Five Fowl, Feeling Fine, Found Freedom

Reads: 234  | Likes: 0  | Shelves: 0  | Comments: 3

More Details
Status: Finished  |  Genre: Non-Fiction  |  House: Booksie Classic
This is a short story of an actual 911 rescue call...invovling ducks...

Submitted: July 10, 2008

A A A | A A A

Submitted: July 10, 2008

A A A

A A A


I’d like to share with you a rescue call that I just returned from. I am a proud, paid, professional firefighter in a fairly large city in Massachusetts. I have been on the fire department for 15 years. I am a lieutenant assigned to an engine company, which I have been assigned to for the past 11 of those years. Over the course of my career, I have been on thousands of calls, ranging from multiple alarm fires to the false alarms, and everything in between. Some are funny, some are sad, some are strange and some…Well, some are just downright entertaining.

First, let me paint you a picture of how I think the events leading up to our arrival come about. Mommy duck, out with the kids for an evening stroll, was heading down a very busy main street in one of the city’s industrial parks. It was a beautiful evening and things could not be better. So, there she was walking along with her ducklings, eight in tow, widdle, waddle, widdle, waddle, to and fro, when she happened upon a storm drain cover, you know the ones that look like a waffle;the ones with the holes that are just the right size…for a mother duck to walk over…but not ducklings. Did I mention that there were eight of them? Well, if I’ve done my job right and set up the story right, you know what comes next. You got it…plop…plop…plop…plop…plop…She turns around and then there were three, not the original eight she started out with. Oops! Luckily, a Good Samaritan was driving by and witnessed this and called 911.

Now, this is where we come into the story. My crew and I got dispatched and were given the particulars of the call. We had a good laugh and had a little fun on the way to the call, but when we got there, we put on our serious faces, or at least tried to. We investigated the situation and found three ducklings in the hole. Then we noticed two more waddle out of the drain pipe, into the basin, chirping all the while. The basin was around six feet deep. The bottom was covered with muck and smelled pretty bad.
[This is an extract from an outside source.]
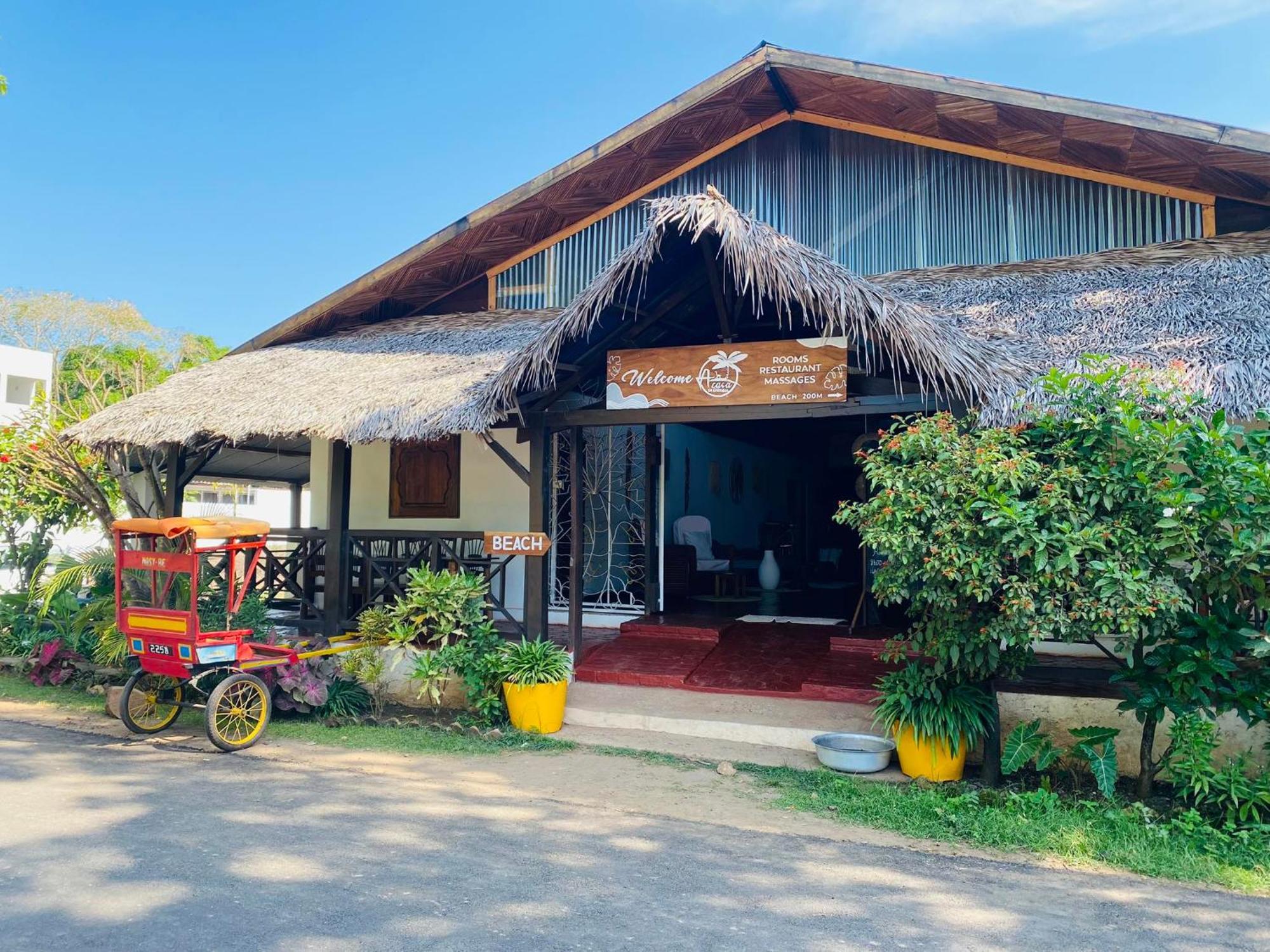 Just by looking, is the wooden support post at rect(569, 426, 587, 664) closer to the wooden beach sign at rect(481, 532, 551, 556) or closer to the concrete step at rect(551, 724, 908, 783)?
the wooden beach sign at rect(481, 532, 551, 556)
We went back to the truck, got our tools and started our extrication. We pulled back the heavy steel cover and using a shovel, I started attempting to scoop up the cute little guys; carefully, as not to injure them. Mother ducky, with her smartest of the three ducklings, started circling us. I was preparing to be pecked to death, but I think she knew better.

One by one we extricated the helpless fowls. They are not easy to scoop up, you know. These are the elusive North Shore ducks. Even as I scooped them up, they were trying to elude me. Finally it was the last one’s turn.

Isn’t it always the case that the last thing you attempt to do ends up being the hardest? For example, say you have only four nuts to remove from something and the first three come off very easy. The last one though, that is the one that always gives you the hardest time. Well, this last little duck was that last nut. He did not want to get on the shovel; I, however, persevered and won this battle of wills, surprisingly better than I do with my kids. When I finally brought him to the surface, he did not want to get off the shovel, but he eventually did and waddled into the bushes with mom and sibs.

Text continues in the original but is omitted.